COLLECTED DATA:
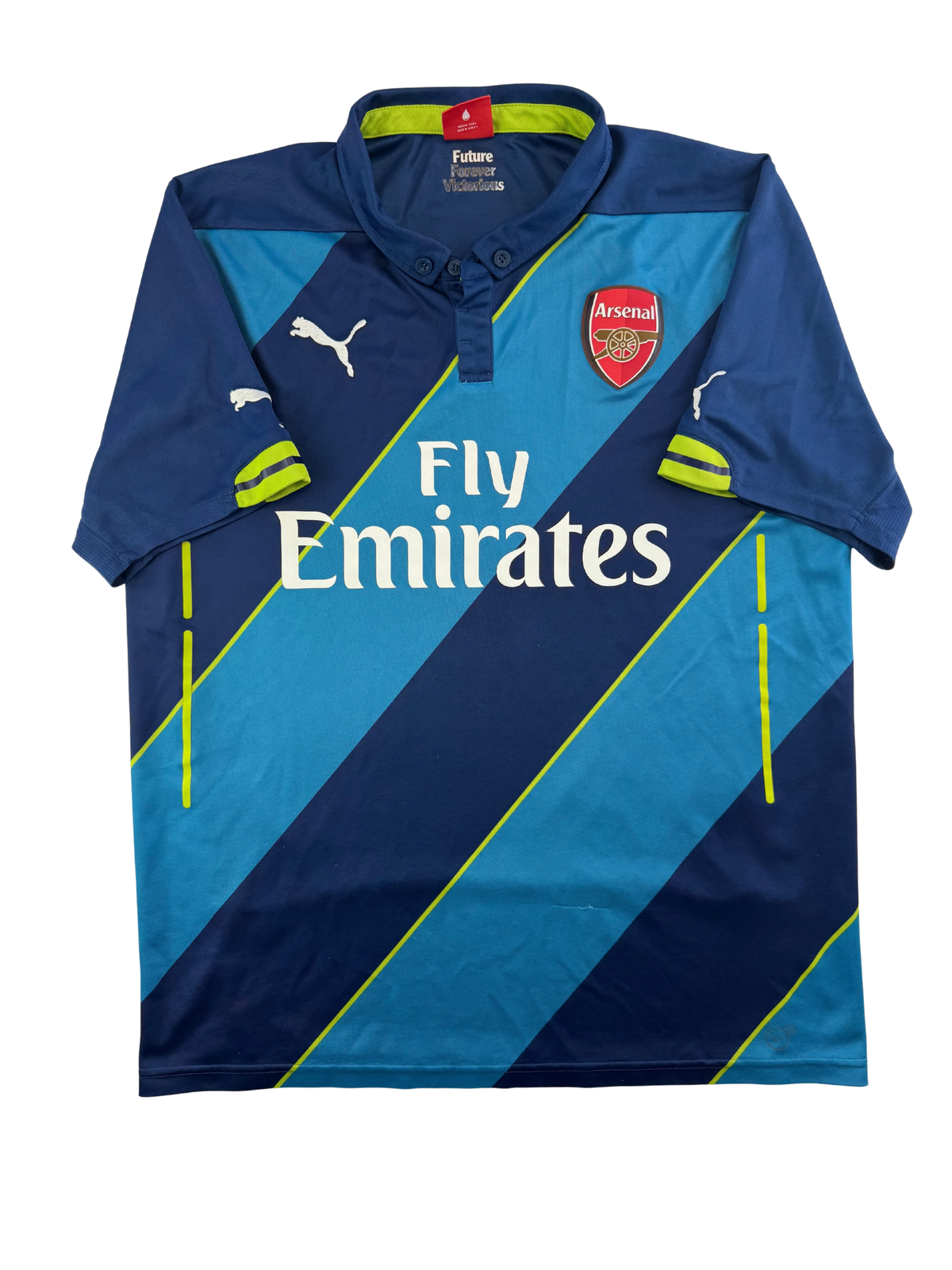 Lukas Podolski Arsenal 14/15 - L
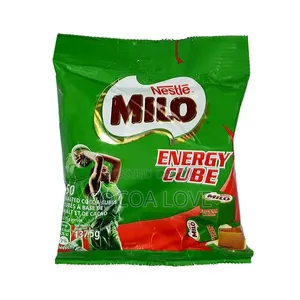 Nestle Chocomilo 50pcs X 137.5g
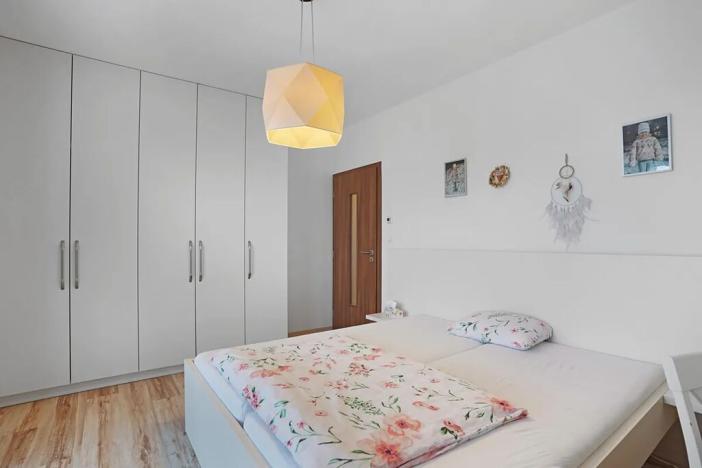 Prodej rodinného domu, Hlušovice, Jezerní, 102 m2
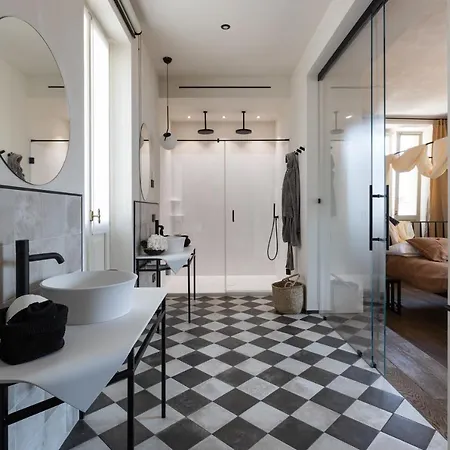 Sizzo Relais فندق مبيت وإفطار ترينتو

TASK: Each line above has to be returned exactly. Drop the pictures.

RESPONSE TO THE TASK:
 Lukas Podolski Arsenal 14/15 - L
 Nestle Chocomilo 50pcs X 137.5g
 Prodej rodinného domu, Hlušovice, Jezerní, 102 m2
 Sizzo Relais فندق مبيت وإفطار ترينتو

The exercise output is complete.